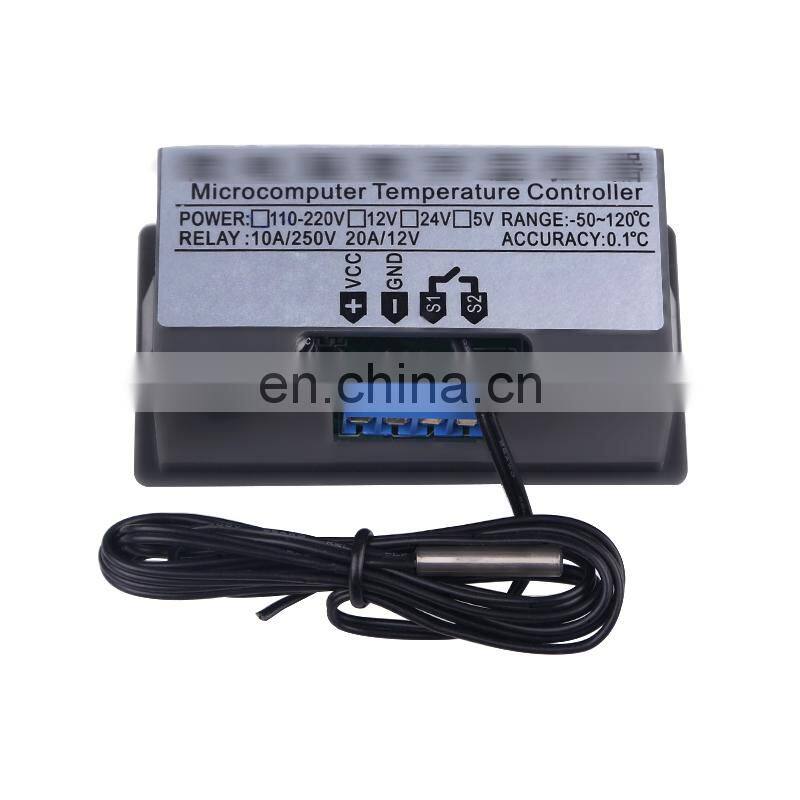 W3230 AC 110V-220V DC 12V Digital Thermostat Temperature Controller Regulator Heating Cooling Control Instruments LED Display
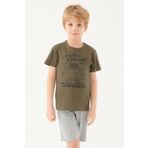 Looney Tunes L1587-2 Haki Erkek Çocuk T-shirt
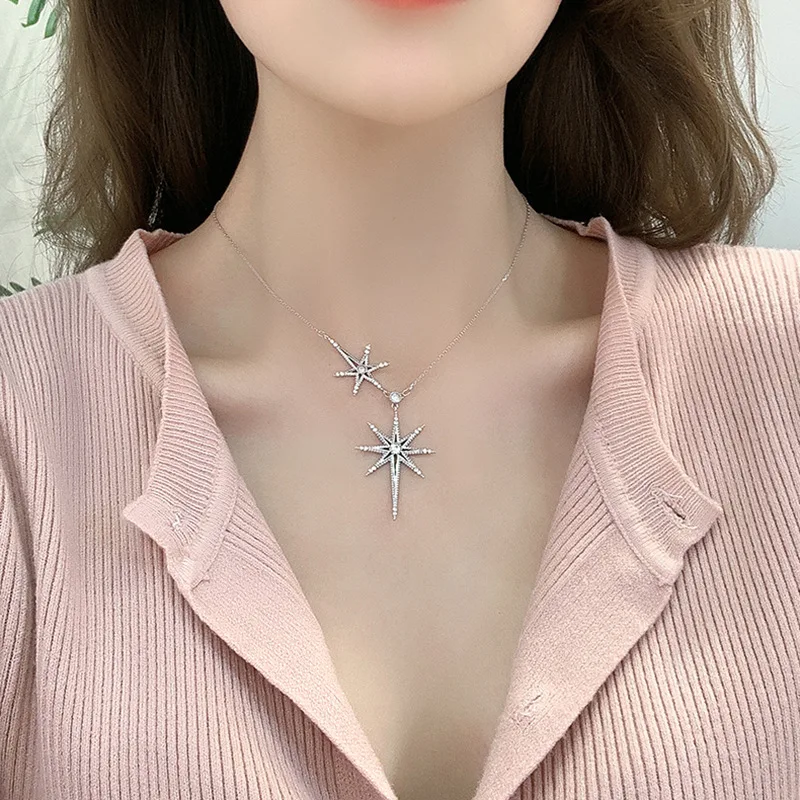 Женская подвеска из серебра 925 пробы с фианитом | Украшения и аксессуары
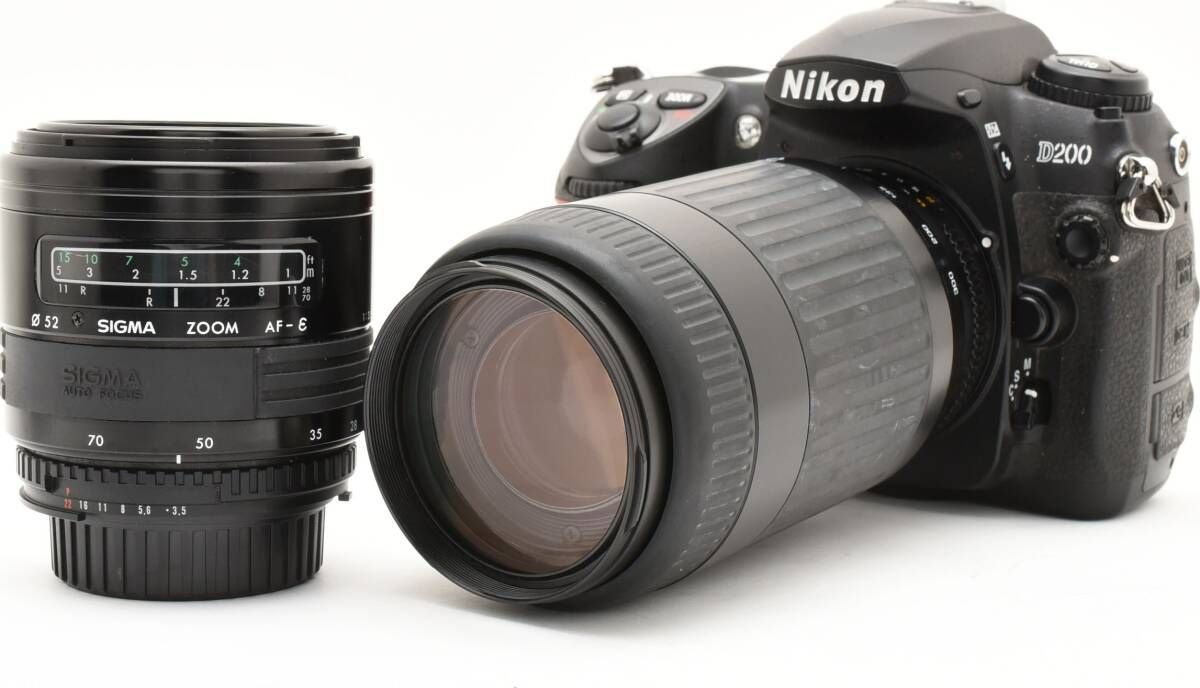 G09[6760A] Nikon D200 ダブルズームセット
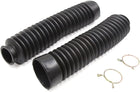 2pcs Black 20 Knots Shockproof Shock Absorbers Boot Dust Cover Universal for Motorcycle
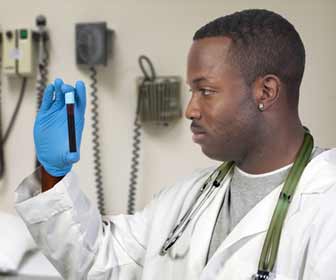 Phlebotomist Drawing Blood from Patient Photo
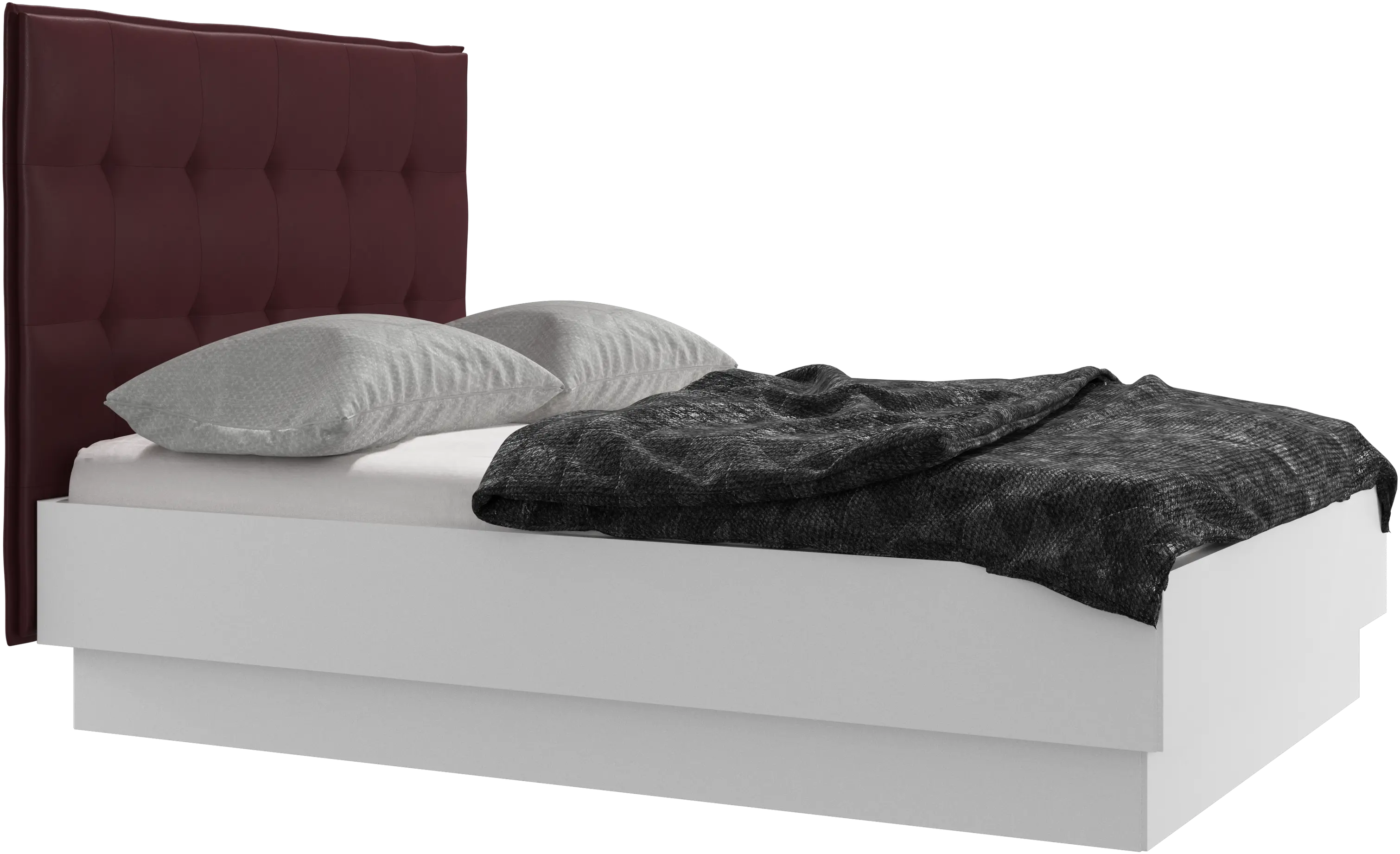 Lugano storage bed with lift-up frame and slats, excl. mattress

▶ EXERCISE DIRECTIONS:
Please give again only those lines that run from the one containing "G09[6760A] Nikon D200 ダブルズームセット" through the final line of the listing, both included, exactly as written and without pictures.

▶ EXPECTED OUTPUT:
 G09[6760A] Nikon D200 ダブルズームセット
 2pcs Black 20 Knots Shockproof Shock Absorbers Boot Dust Cover Universal for Motorcycle
 Phlebotomist Drawing Blood from Patient Photo
 Lugano storage bed with lift-up frame and slats, excl. mattress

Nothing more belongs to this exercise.